Wakil Ketua Umum Asosiasi Blockchain dan Pedagang Aset Kripto Indonesia (Aspakrindo-ABI) Yudhono Rawis mengatakan RPOJK ini akan menjadi landasan regulasi yang lebih ketat dan jelas bagi industri aset kripto di Indonesia.
"Ini merupakan angin segar bagi kami sebagai pelaku pasar. Regulasi yang jelas dan pengawasan yang ketat dari OJK akan meningkatkan kepercayaan masyarakat terhadap aset kripto," ujar Yudho, yang juga CEO TokoCrypto, dalam keterangan tertulis, dikutip Jumat (6/9).
Menurutnya syarat permodalan tersebut akan mendorong bursa dan pedagang kripto untuk lebih profesional dalam mengelola pasar. Regulasi ini juga bakal memberikan perlindungan yang lebih baik bagi konsumen, terutama dalam hal keamanan aset dan data pribadi.
Salah satu fokus utama dari RPOJK ini adalah memastikan perdagangan aset kripto dilakukan secara transparan, wajar, dan efisien. Dalam RPOJK tersebut, OJK mewajibkan pelaku pasar, termasuk bursa dan pedagang aset kripto, untuk mematuhi prinsip tata kelola yang baik dan manajemen risiko yang ketat. Hal ini mencakup integritas pasar, keamanan dan keandalan sistem informasi, serta perlindungan data pribadi konsumen.
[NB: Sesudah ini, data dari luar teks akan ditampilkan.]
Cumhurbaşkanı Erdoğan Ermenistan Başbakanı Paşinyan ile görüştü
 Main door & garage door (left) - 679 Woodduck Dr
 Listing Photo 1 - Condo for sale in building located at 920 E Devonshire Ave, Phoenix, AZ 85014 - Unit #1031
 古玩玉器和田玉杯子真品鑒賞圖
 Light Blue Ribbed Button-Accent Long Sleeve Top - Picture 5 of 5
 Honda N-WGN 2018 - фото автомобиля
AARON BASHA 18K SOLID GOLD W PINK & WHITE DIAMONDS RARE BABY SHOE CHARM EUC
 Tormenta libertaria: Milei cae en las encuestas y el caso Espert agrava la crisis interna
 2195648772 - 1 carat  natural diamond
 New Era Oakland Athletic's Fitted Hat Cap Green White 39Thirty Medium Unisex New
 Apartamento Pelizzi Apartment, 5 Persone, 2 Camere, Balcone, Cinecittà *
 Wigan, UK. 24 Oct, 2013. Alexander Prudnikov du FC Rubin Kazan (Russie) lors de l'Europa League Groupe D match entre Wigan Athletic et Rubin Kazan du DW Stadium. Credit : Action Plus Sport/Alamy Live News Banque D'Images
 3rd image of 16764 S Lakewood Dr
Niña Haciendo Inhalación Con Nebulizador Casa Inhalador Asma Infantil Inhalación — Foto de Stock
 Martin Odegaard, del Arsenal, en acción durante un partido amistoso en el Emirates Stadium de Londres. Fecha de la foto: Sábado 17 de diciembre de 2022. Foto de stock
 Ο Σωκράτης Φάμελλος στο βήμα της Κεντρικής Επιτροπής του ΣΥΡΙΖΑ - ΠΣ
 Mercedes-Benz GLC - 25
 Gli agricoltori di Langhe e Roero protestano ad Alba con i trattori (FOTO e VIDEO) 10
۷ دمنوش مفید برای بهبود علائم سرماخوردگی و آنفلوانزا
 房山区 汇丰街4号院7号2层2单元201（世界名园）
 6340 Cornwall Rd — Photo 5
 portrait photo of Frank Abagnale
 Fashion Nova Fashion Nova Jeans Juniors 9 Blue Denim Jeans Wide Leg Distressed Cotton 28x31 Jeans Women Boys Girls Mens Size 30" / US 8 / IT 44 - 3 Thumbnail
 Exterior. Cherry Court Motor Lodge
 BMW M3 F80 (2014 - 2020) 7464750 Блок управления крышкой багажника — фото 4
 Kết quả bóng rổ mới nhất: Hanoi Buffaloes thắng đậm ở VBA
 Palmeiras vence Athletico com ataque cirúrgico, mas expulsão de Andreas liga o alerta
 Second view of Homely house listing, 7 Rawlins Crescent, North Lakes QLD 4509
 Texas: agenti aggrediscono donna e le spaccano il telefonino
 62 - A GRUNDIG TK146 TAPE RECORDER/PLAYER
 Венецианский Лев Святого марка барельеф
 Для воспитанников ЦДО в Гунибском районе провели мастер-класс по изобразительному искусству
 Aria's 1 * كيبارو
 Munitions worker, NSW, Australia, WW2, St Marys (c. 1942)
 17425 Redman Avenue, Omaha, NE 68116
"Dengan ketentuan ini, konsumen aset kripto akan lebih terlindungi dari potensi risiko seperti pencurian data, penipuan, hingga manipulasi pasr yang selama ini menjadi perhatian di sektor aset digital," kata Yudho.
Perlindungan Data Pribadi
Selain itu, keamanan sistem informasi termasuk ketahanan siber juga menjadi fokus utama OJK untuk melindungi dana dan aset kripto milik konsumen. OJK mewajibkan penyelenggara pasar aset kripto untuk menggunakan sistem dengan standar keamanan tertinggi, termasuk ISO 27001 untuk manajemen kemanan informasi dan Disaster Recovery Center (DRC) yang terpisah di dalam negeri untuk mengatasi risiko operasional.
Menurut Yudho, langkah ini memberikan jaminan bahwa data pribadi dan aset digital konsumen akan terlindungi dengan baik dari ancaman peretasan atau gangguan lainnya. Kepercayaan konsumen menjadi salah satu prioritas utama dalam pengembangan ekosistem perdagangan aset kripto yang lebih aman dan teratur.
“Regulasi baru yang diterbitkan oleh OJK merupakan langkah signifikan dalam memperkuat pengawasan atas perdagangan aset kripto di Indonesia," ujarnya.
Dengan fokus pada transparansi, tata kelola yang baik, perlindungan data, keamanan sistem, dan syarat permodalan yang ketat, OJK berupaya memberikan perlindungan maksimal bagi konsumen sekaligus meningkatkan kepercayaan masyarakat dalam berinvestasi di aset kripto. Yudho menilai, hal ini akan mendorong pertumbuhan sektor aset digital yang lebih sehat dan berkelanjutan di masa mendatang.